Assa Traoré, Rokhaya Diallo mais également Léna Situations sont des femmes non blanches qui parlent fréquemment sur leurs propres réseaux mais sont aussi invitées médiatiquement pour parler de leurs parcours,  ainsi que de leur santé mentale. Cette dernière a propulsé la santé mentale au cœur du contenu qu’elle produit elle-même, notamment en évoquant la question de ses cheveux et du traitement de la société à leur égard.  Mais elle le prouve encore plus justement, en démontrant la violence du cyberharcèlement qu’elle reçoit trop régulièrement sur les réseaux sociaux. 

Comme pour d’autres femmes racisées, les réseaux sociaux rééquilibrent le droit à la parole mais restent très violent du fait des nombreux haters que chaque femme continue de voir émerger.  Une hyperactivité qui peut toutefois épuiser, comme Douce Dibondo l’a expliqué : “Ce sont souvent les femmes racisées qui sont au front, cela a forcément des répercussions sur leur santé mentale et physique”.

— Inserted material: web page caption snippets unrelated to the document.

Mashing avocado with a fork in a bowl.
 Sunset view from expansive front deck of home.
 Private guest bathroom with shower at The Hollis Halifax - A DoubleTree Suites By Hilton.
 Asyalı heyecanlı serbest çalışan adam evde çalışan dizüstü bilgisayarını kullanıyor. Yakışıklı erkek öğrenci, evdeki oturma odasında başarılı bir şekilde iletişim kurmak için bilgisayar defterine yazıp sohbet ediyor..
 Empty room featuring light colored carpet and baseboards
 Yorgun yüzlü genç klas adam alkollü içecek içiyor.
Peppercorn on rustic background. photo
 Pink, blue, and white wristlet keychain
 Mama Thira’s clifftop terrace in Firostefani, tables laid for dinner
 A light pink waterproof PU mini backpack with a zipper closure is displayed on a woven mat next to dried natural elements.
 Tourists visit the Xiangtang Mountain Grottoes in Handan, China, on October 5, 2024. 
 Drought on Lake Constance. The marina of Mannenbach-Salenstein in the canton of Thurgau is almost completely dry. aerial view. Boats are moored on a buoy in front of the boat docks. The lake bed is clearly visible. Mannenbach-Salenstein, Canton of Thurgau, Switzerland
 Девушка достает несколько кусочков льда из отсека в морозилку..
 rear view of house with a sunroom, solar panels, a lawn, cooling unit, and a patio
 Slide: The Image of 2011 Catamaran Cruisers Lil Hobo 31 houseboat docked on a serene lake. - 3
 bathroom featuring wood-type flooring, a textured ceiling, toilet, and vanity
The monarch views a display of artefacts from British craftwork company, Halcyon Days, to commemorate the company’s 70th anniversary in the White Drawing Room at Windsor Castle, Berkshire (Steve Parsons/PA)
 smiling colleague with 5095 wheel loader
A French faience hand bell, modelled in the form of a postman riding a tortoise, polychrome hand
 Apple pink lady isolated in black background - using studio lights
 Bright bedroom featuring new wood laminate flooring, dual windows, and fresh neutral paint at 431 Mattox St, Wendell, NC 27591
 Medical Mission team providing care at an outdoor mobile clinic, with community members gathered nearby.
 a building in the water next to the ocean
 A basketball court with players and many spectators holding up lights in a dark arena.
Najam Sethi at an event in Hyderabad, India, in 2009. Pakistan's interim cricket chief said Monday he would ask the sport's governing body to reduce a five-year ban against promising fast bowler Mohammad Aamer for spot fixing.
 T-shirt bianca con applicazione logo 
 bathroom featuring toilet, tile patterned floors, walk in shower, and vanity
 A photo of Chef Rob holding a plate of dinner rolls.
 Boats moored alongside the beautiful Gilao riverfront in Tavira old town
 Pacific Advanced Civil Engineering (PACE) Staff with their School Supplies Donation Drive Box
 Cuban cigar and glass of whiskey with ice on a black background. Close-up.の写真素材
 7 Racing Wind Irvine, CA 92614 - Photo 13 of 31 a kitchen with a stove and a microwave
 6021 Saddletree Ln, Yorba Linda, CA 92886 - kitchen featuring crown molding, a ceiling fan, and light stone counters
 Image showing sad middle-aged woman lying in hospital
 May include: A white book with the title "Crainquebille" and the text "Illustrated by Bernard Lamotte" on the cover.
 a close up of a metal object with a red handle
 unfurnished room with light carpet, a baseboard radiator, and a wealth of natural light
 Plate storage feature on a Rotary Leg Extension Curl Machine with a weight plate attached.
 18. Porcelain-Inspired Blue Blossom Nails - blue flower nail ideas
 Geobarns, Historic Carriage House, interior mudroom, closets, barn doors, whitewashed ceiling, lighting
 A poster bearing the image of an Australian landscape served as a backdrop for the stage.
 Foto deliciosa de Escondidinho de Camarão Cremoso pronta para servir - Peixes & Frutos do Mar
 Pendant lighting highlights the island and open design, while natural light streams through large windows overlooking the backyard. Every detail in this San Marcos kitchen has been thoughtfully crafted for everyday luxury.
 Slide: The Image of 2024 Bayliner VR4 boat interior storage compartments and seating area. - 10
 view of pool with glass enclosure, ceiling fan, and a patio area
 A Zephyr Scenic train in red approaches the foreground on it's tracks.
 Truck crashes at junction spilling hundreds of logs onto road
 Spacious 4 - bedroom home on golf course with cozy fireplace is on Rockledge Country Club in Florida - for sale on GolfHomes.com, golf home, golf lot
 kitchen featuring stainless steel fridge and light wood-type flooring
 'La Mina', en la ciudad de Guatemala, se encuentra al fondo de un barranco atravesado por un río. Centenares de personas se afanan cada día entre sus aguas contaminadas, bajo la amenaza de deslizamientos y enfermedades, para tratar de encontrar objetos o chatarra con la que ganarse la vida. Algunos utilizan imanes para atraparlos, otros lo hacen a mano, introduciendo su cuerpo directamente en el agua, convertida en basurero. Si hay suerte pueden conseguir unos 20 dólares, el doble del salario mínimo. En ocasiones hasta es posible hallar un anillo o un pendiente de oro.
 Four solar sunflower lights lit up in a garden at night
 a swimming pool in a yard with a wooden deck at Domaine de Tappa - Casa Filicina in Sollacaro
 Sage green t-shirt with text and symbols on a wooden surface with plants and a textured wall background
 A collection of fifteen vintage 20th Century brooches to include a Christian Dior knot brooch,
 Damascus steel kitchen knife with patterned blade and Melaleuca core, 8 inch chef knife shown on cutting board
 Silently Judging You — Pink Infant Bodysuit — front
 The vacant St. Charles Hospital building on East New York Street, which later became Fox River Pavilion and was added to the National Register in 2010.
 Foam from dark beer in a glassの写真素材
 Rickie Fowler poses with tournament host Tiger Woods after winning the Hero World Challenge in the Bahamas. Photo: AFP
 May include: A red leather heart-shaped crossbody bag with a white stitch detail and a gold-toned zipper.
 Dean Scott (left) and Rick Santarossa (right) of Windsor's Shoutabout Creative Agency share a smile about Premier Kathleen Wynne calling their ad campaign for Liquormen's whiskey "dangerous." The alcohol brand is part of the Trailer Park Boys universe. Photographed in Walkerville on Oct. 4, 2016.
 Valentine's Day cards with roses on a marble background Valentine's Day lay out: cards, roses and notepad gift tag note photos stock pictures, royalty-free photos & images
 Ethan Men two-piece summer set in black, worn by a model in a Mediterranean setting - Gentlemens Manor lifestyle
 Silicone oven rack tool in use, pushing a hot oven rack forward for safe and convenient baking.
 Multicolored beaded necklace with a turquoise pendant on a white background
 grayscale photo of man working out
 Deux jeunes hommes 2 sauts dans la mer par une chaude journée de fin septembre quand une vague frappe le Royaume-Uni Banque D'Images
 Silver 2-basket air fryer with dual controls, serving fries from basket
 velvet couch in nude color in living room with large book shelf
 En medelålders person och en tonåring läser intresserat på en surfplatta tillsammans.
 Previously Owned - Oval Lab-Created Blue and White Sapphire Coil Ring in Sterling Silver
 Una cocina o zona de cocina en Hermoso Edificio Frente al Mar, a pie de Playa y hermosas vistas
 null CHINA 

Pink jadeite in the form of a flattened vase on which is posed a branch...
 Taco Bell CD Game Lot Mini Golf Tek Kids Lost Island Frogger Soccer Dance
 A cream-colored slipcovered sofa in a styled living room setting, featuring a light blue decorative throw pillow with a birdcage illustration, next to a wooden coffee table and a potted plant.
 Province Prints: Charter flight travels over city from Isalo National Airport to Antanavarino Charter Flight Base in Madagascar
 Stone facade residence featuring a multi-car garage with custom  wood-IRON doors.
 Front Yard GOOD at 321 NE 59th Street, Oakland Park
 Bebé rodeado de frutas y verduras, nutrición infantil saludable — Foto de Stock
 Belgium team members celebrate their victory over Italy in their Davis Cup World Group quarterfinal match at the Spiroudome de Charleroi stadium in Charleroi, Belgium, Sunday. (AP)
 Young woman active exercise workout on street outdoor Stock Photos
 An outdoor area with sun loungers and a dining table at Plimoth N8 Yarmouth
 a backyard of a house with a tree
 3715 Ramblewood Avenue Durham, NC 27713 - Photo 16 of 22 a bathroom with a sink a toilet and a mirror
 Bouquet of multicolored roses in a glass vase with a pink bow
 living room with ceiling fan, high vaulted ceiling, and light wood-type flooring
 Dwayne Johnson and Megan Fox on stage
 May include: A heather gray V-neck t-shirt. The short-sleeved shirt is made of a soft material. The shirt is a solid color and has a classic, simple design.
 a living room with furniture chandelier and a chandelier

Si ces solutions et initiatives individuelles sont salutaires pour les femmes non blanches qui trouvent des espaces qui leur ressemblent, la question doit être traitée à une échelle plus large. Et force est de constater que le décalage reste de taille entre ces initiatives et les réponses ou les solutions proposées par les institutions de chaque milieu, comme l’exprime Christelle Bakima Poundza à propos de la mode :

“Je ne peux pas citer une agence de mannequins dans laquelle il y a une cellule psychologique, ou un référent racisme :  institutionnellement ça ne suit pas du tout”.